Over the recent years, there is a trend in electronics towards becoming shapeable (flexible, stretchable or printable), which provides unique advantages of being lightweight and allows electronic components to be arbitrarily reshaped after fabrication. This vision however will become reality only when all branches of modern electronics, including optoelectronics and magnetoelectronics, will gain the attractive property of being shapeable. Smart combination of magnetic multilayers revealing giant magneto-resistance and thin polymer membranes results in a shapeable magnetoelectronics. This shapeable (stretchable [1-3] or printable [4]) magnetoelectronics paves the way towards development of a unique class of devices with important functionality being not only stretchable and fast, but also with the ability to react and respond to a magnetic field.

Layered magnetic structures revealing a giant magnetoresistance (GMR) effect are crucial components of highly sensitive magnetic sensor devices.

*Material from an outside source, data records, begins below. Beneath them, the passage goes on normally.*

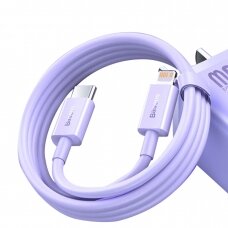 USB-C fast charging / data transfer cable - Lightning PD 20W 1m Baseus Superior Series - Violetinis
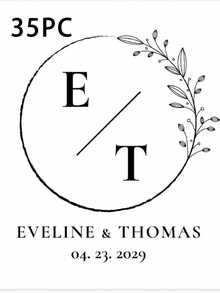 35 pièces Autocollants transparents personnalisés - 6 styles, Couronne florale bohème, Monogramme botanique de mariage, Étiquettes autocollantes personnalisées pour les faveurs de baptême, les décorations de mariage dorées, les cadeaux personnalisés, les décorations personnalisées, les anniversaires, les mariages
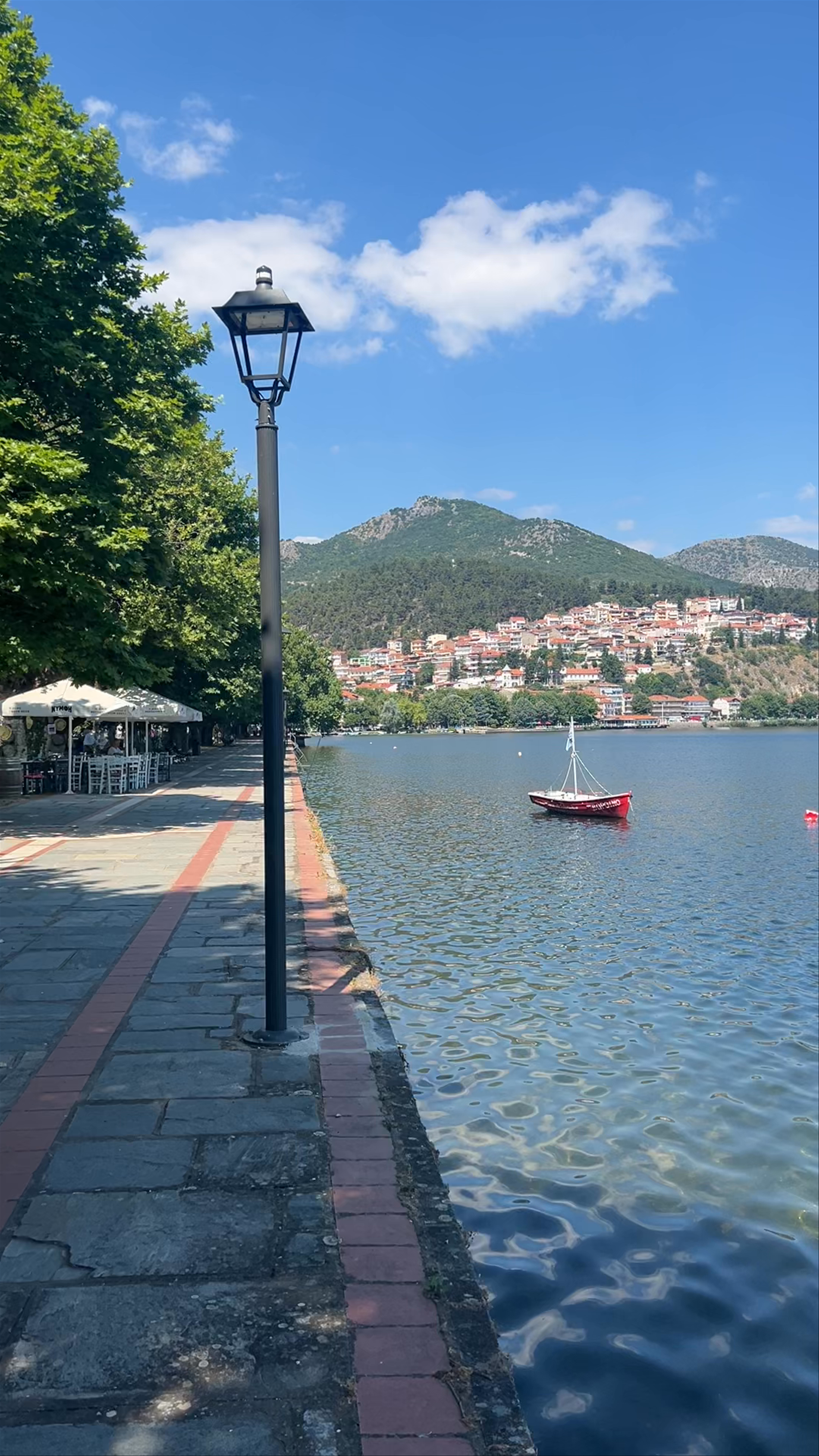 Serene Lakeside Views at Kastoria Lakeside Park, Greece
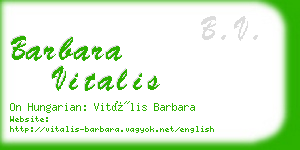 barbara vitalis business card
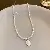 Wholesale Irregular Geometric Pearl Charm Necklaces for Retailers - 25# Pearl Tulip Flower Necklace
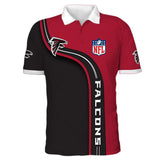Men's Atlanta Falcons Polo Shirt 3D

We fabricated [Co/Cu] and [Py/Cu] GMR multilayers [1,2] as well as spin valve systems [3] on free-standing elastic Poly(dimethylsiloxane) (PDMS) membranes. The GMR performance of GMR sensors on rigid silicon and on free-standing PDMS is similar and does not change with tensile deformations.

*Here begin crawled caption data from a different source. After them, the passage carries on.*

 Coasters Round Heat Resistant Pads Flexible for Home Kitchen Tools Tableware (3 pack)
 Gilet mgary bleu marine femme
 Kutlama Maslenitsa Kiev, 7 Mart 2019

In this work we realize the first stretchable spin valve sensor with a remarkable stretchability of up to 29% and a top sensitivity of 0.8 % Oe-1 in the magnetic field of 12 Oe [3]. We developed a technology to successfully accomplish this task by using a spin valve magnetic sensor as it is an advanced GMR-based element and by applying a predetermined periodic fracture method to enhance the stretchability. These highly stretchable and highly sensitive elements responding to a magnetic field are demanded for novel application fields like smart skin and flexible and stretchable consumer electronics equipped with magnetic functionalities.